Fridman Gallery presents Edge of Eden, the first solo exhibition with the gallery by German painter, Alina Grasmann.

The exhibition presents two bodies of works, West of Eden (2017) and Paper Town (2018). Both series investigate notions of paradise, fiction, trickery, and perception. Edge of Eden teeters at the ever-so-fleeting margin between artifice and reality.

West of Eden is a series of large-scale paintings that place elements of other, historical figurative paintings within the industrial architecture of Dia Beacon, a landmark of Minimalist art. Grasmann has strategically placed the figures, such as Melchior d'Hondecoeter’s birds and Vincent Van Gogh's sunflowers, inside the converted factory building, next to sculptures by Dan Flavin and Bruce Nauman. By doing so, the artist has decontextualized the work, creating a sense of whimsy and fantasy amidst the highly classified space of the museum and academic art historical cannon.

Paper Town creates subtle spectacle between place and longing. The 40 small-scale oils on paper depict the facades of Agloe, NY, a town that began as a “copyright trap” – a deliberate typo by mapmakers to catch illegal copying. In Grasmann’s paintings, devoid of people and depth, the houses are engulfed in alien flora, underscoring both the town’s fictitious status and appearances of reality through the her perspective.

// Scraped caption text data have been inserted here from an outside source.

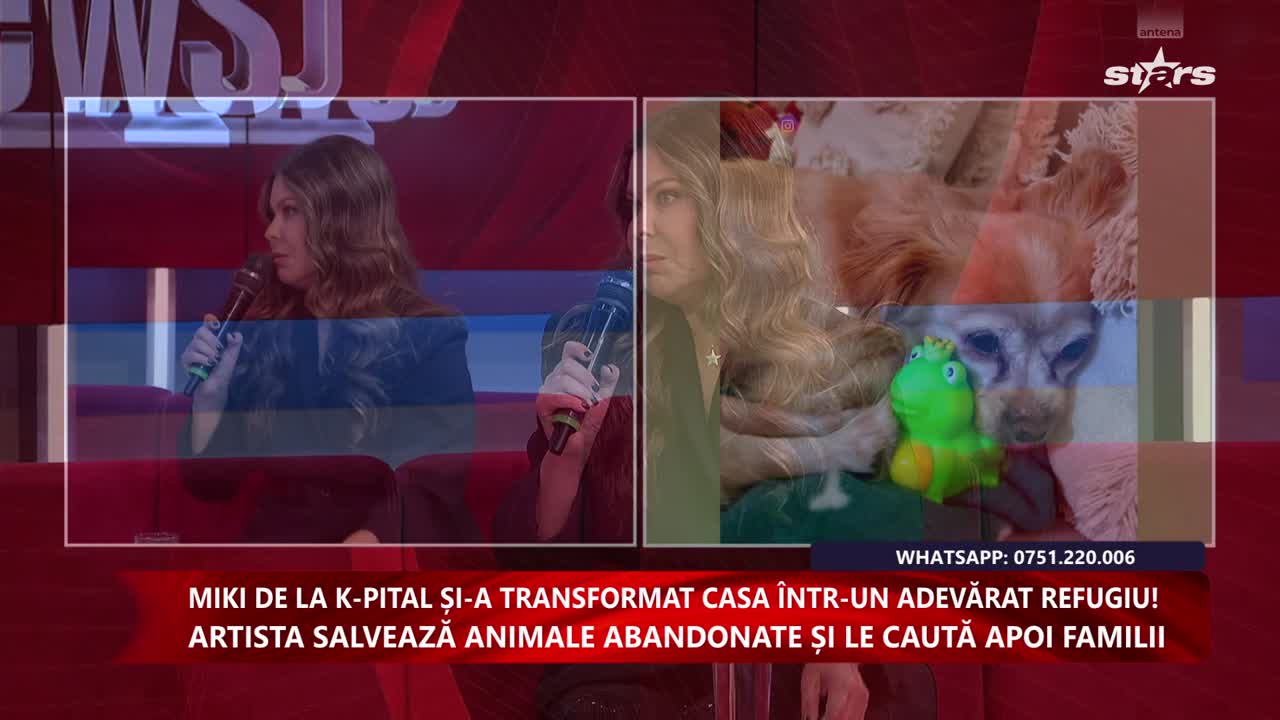 Spynews TV Live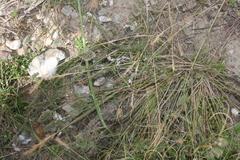 Tribolium hispidum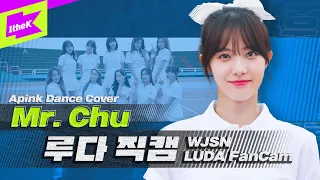 우주소녀 루다 '미스터 츄' 직캠 | WJSN LUDA fancam | 에이핑크(Apink) | Mr. Chu | 올라운돌(All Rounder IDOL) | Dance Cover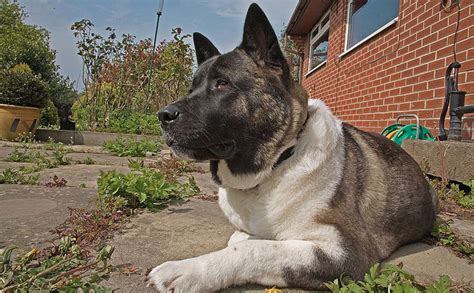 The 10 Best Guard Dog Breeds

The vegetation that haunts Paper Town is also glimpsed through the Dia’s iconic glass tiles in West of Eden, creating a sort of horizon line between the two series. The works in the exhibition comprise a geographically definitive, yet eerily out-of-place playground alluding to the edge of something, another reality. By harnessing that conceptual landscape, Grasmann creates her own minimalist visual language - figuration that shuns any sense of narrative. What is left is a representation of fiction, as truth.